This post highlights the Third Edition of the Washington Arbitration Week 2022 panel on “Class or Collective Action in Investment Arbitration,” held at the offices of Crowell & Moring LLP on December 2, 2022. The panel was moderated by WAW Co-Founder Mr. Ian Laird (Crowell & Moring/Georgetown Law). He was joined by Mr. Matthew Drossos (White & Case), Dr. Kabir Duggal (Arnold & Porter/Columbia Law), Mr. Robert Houston (The Global Pro Bono Bar Association), and Ms. Lisa Snow (Kroll). The panel discussed the following main topics: (i) Historical context and the early Claims Commissions; (ii) Consolidation of Investment Arbitration cases under NAFTA and issues of consent; (iii) Class Action Claims in Investment Arbitration and the Abaclat case; and (iv) Mass Claims as a Collaborative Response to Injustice.

Mr. Laird kicked off the discussion by highlighting the importance of identifying the categories of claims that shareholders, bondholders, or individuals affected by a common cause of action could use in an arbitration as part of the dispute resolution process. Such a methodology, in his opinion, achieves two objectives: (i) efficiency in minimizing time and costs assumed by the parties and (ii) avoiding contradictory or inconsistent decisions from parallel and multiple arbitration proceedings (read more about class and mass arbitration here).

I. Historical context and the early Claims Commissions

Claims Commissions represent a very unique and relevant form of international adjudication established to consider claims resulting from significant international war-related and traumatic historical events.
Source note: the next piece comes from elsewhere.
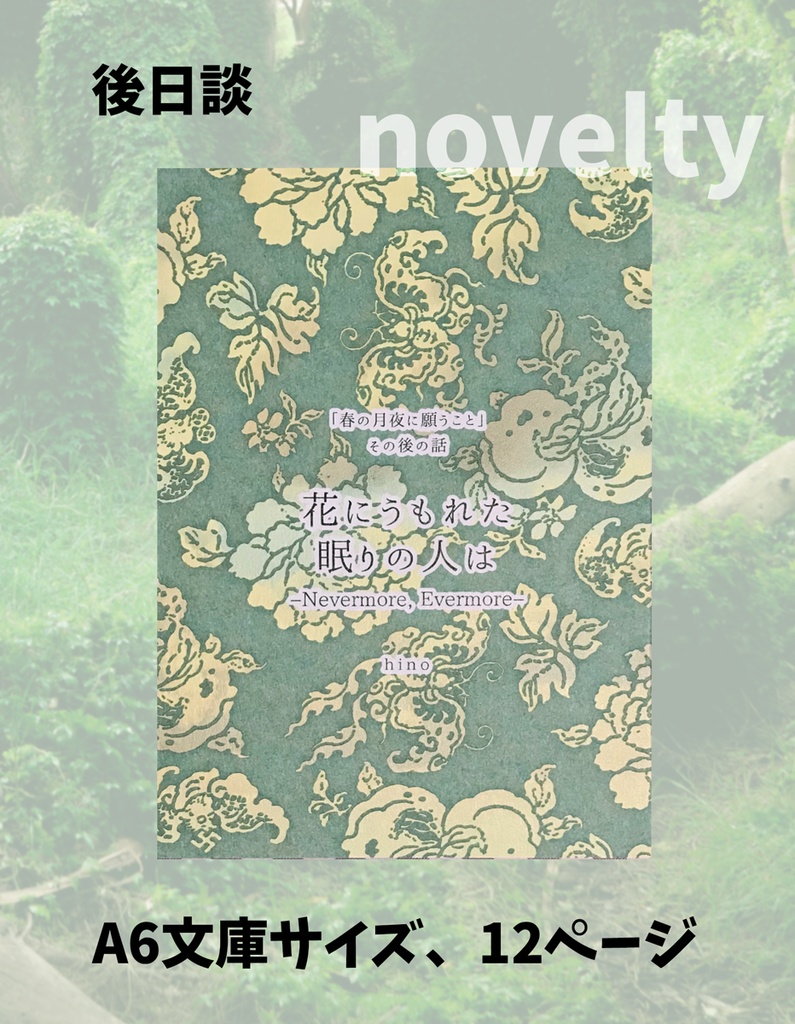 特装版「春の月夜に願うこと」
Claims Commissions primarily aim to determine compensation to individuals and states for certain losses, damages or injuries. (See, generally, Howard Holtzmann and Edda Kristjánsdóttir (eds), International Mass Claims Processes: Legal and Practical Perspectives, Oxford University Press, 2007).
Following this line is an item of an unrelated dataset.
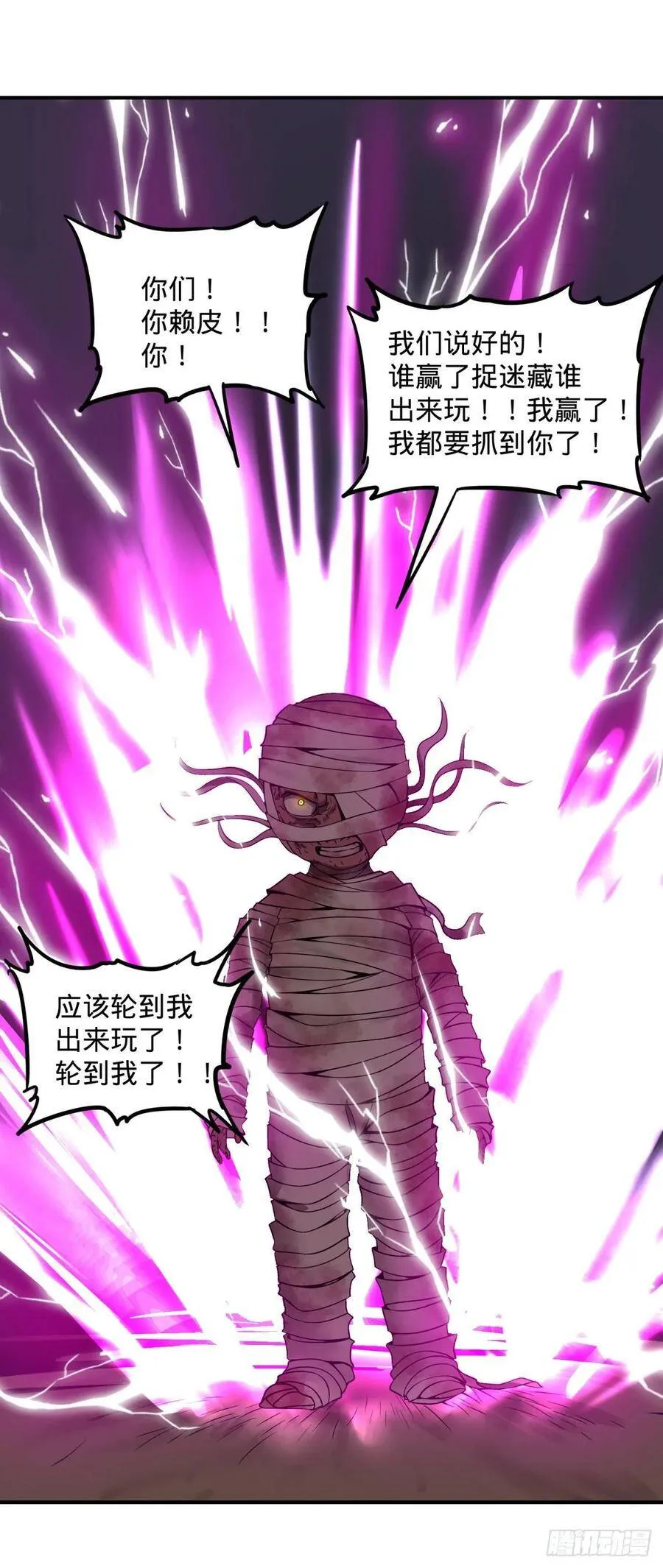 本体 第24页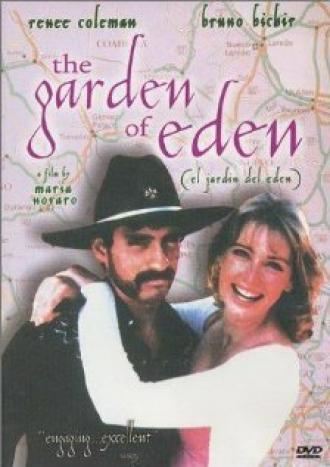 Эдемский сад (фильм 1994)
Dr. Duggal began the discussion by elaborating on the historical context of Claims Commissions. For instance, in the earliest known Claims Commission – established in the Jay Treaty (1794) between Great Britain and the U.S. – the treaty provided for the redressal of border disputes, shipping rights, and debts owed to British merchants before the appointed Commissioners, but turned out to be a failure with the next War of 1812 (read more about War and Arbitration here). The U.S. – Venezuela Mixed Claims Commission (1903) provided a mechanism for claims by U.S. citizens against Venezuela which had not been settled by diplomatic agreement or by arbitration. The General Claims Commission (1923) between Mexico and the U.S., which was later abandoned in 1934, provided for the adjudication of claims by citizens of Mexico and the U.S. for losses suffered due to the acts of one government against nationals of the other. The U.S. citizens’ hostage crisis in Iran and the freezing of Iranian assets in the U.S. resulted in the Algiers Accord (1981), and led to the creation of the Iran – U.S. Claims Tribunal, which is still operational. Iraq’s invasion and occupation of Kuwait led to the creation of the United Nations Compensation Commission (1991).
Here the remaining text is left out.